I couldn’t argue with his logic, said, “I’ll have Mo-bot look into cargo flights to Mexico the night they disappeared. Guadalajara.”

Del Rio nodded, glanced at the clock. “I don’t remember you saying Fescoe or anyone else got another demand from No Prisoners.”

“Because there hasn’t been one, at least to my knowledge.”

“More than twenty-four hours,” he said. “No more killings either.”

He was right. What did that mean? Anything? Or was No Prisoners just trying to lull us into thinking—

“Where’s it all going next?” Del Rio asked. “Private’s end of things?”

“Justine and Sci are returning to the Harlows’ ranch in the morning along with a team of FBI techs, see if there’s anything they missed,” I said.

“Justine done with the kids?” he grunted. “Couple of hours of mind-flogging doesn’t seem enough for her.”

I shrugged. “She offered to go back in the morning. But Sanders wanted to give the children time to get settled into his house before they were talked to again. I have to admit, he seems very protective of them. They all do. Camilla Bronson and Graves. Justine’s arguing that I should send people back to Mexico ASAP. But the FBI’s already heard her story and they’ve got more clout.”

“No Prisoners?”

“I want No Prisoners because of what he did to you,” I said coldly. “But I have no idea what Private’s official role will be going forward.”

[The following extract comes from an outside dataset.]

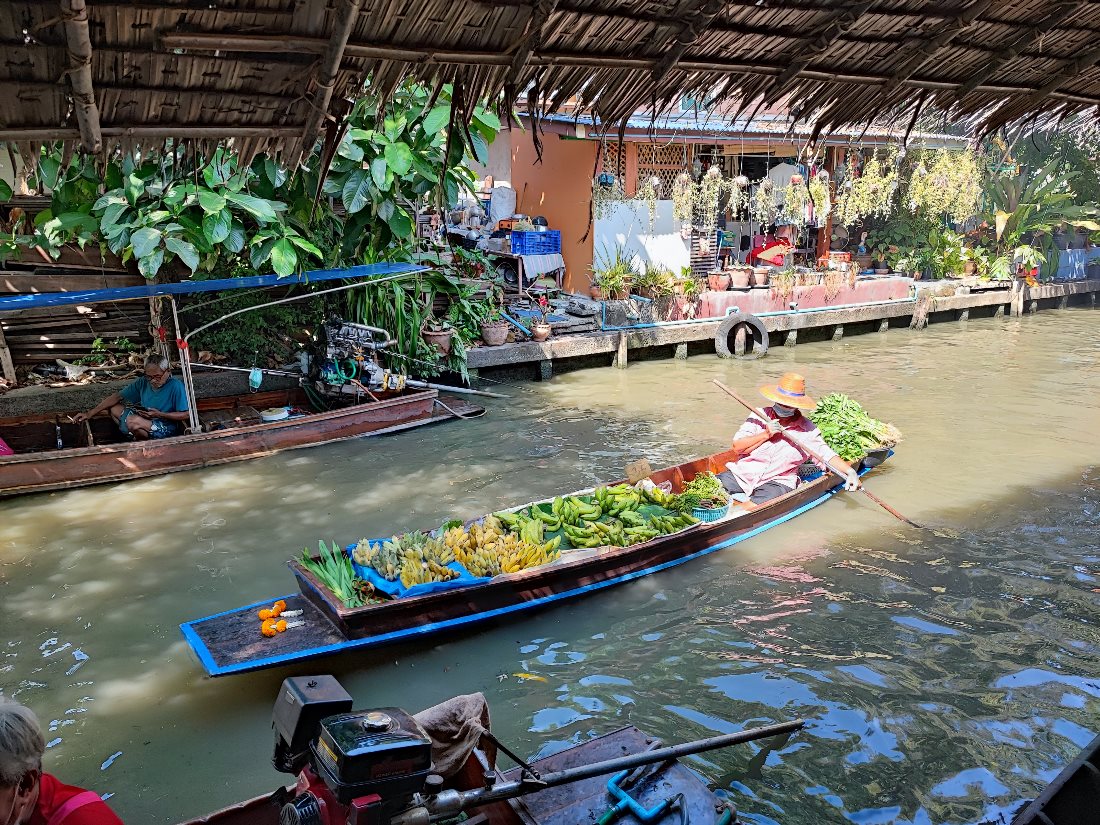 Плавучий рынок Khlong Lat Mayom Floating Market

My cell phone rang loudly. “Shit.” I wasn’t supposed to have the damn thing on. I glanced at the caller ID and was taken aback.

I hesitated, clicked
ANSWER
. “More slanderous accusations to throw my way?”

“Jack,” Bobbie Newton sighed. “I just have to draw the line at someone disrupting my God-given First Amendment rights.”

“Uh-huh,” I said.

“How are they, the poor li’l darlings?”

I could tell she’d been drinking. Bobbie liked to drink, early and often, another winning aspect of her character.

“Who?” I said.

“Coy boy,” she said in a scolding tone.

I let the silence grow, knowing it would drive her crazy, personally and from a journalistic point of view. Bobbie had broken the story of the Harlow kidnapping and the release of the children. No doubt about that. But stories like the Harlows’ disappearance required near-constant updates to feed the cable, Internet, and network news monsters.

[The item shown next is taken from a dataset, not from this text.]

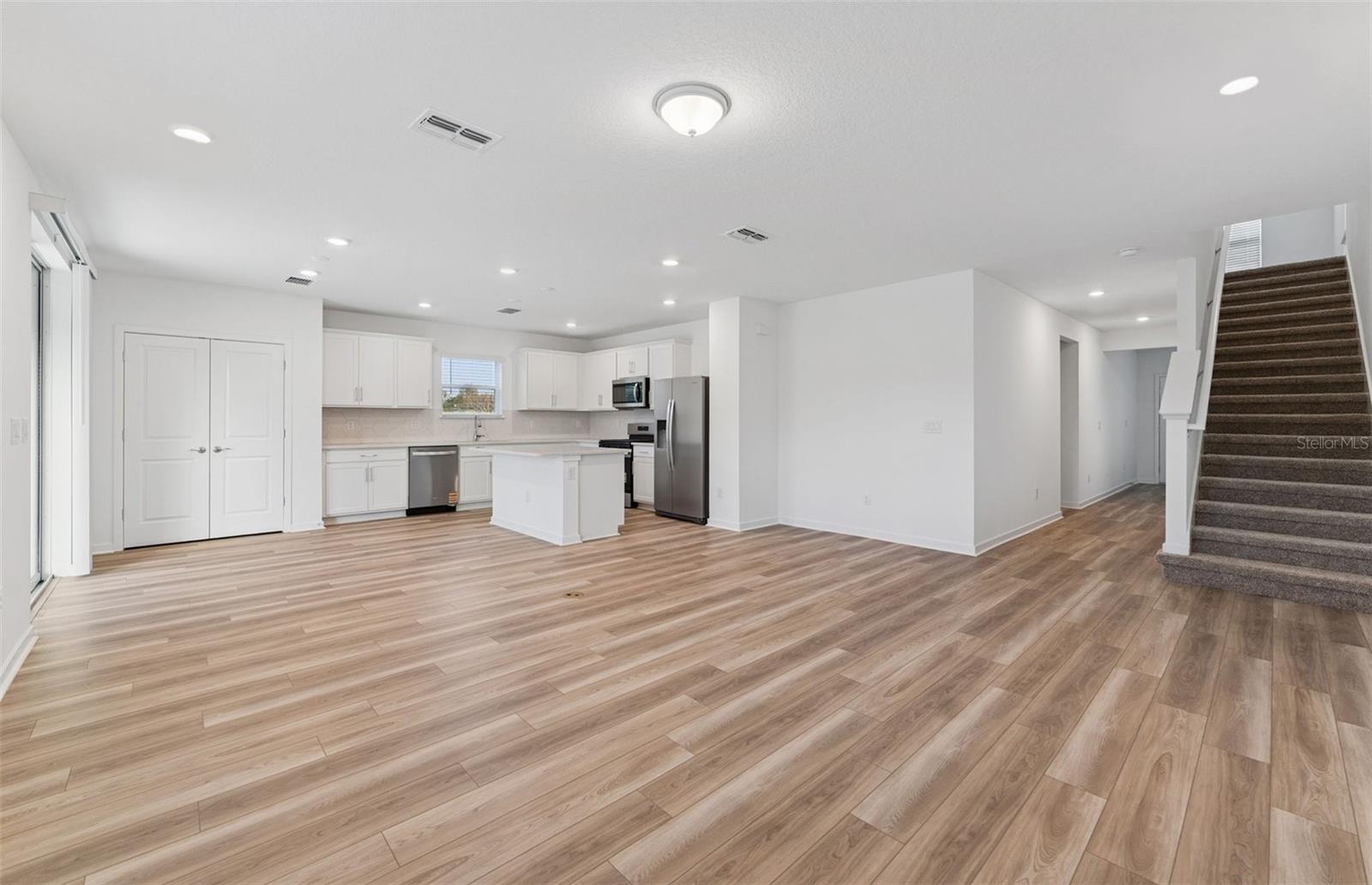 9740 CRESCENT MOON DR — photo 8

“Give Camilla a call,” I said. “I’m sure she’d love to talk.”

“Camilla Bronson carries grudges,” Bobbie said.

“And I don’t?”

“C’mon, Jack. That’s old news. Live and let live.”

I waited several beats, then said, “Tit for tat, Bobbie?”

“What’s the tit?” she demanded, and I heard ice cubes clink against glass.

“An update on their physical and mental condition, the little we know about the day of the kidnapping,” I said.

“Mmmmm, that is tempting,” Bobbie said. “The tat?”

“Who tipped you off? Was it Maines?”

“A good journalist never reveals sources,” she protested. “You know that.”

“Too bad, then. Gotta go, Bobbie.”

“Wait, wait!” she cried. “Okay, okay. You go first.”

“Nope,” I said, and stayed silent. “Offer’s good for ten seconds.”

Five seconds went by. Then nine. I was about to end the call when she said, “Terry Graves.”

That threw me. Why would …?

“I’m waiting for my tit, Jack,” Bobbie said.

“Sorry, Bobbie, your information came in a second after tit deadline.”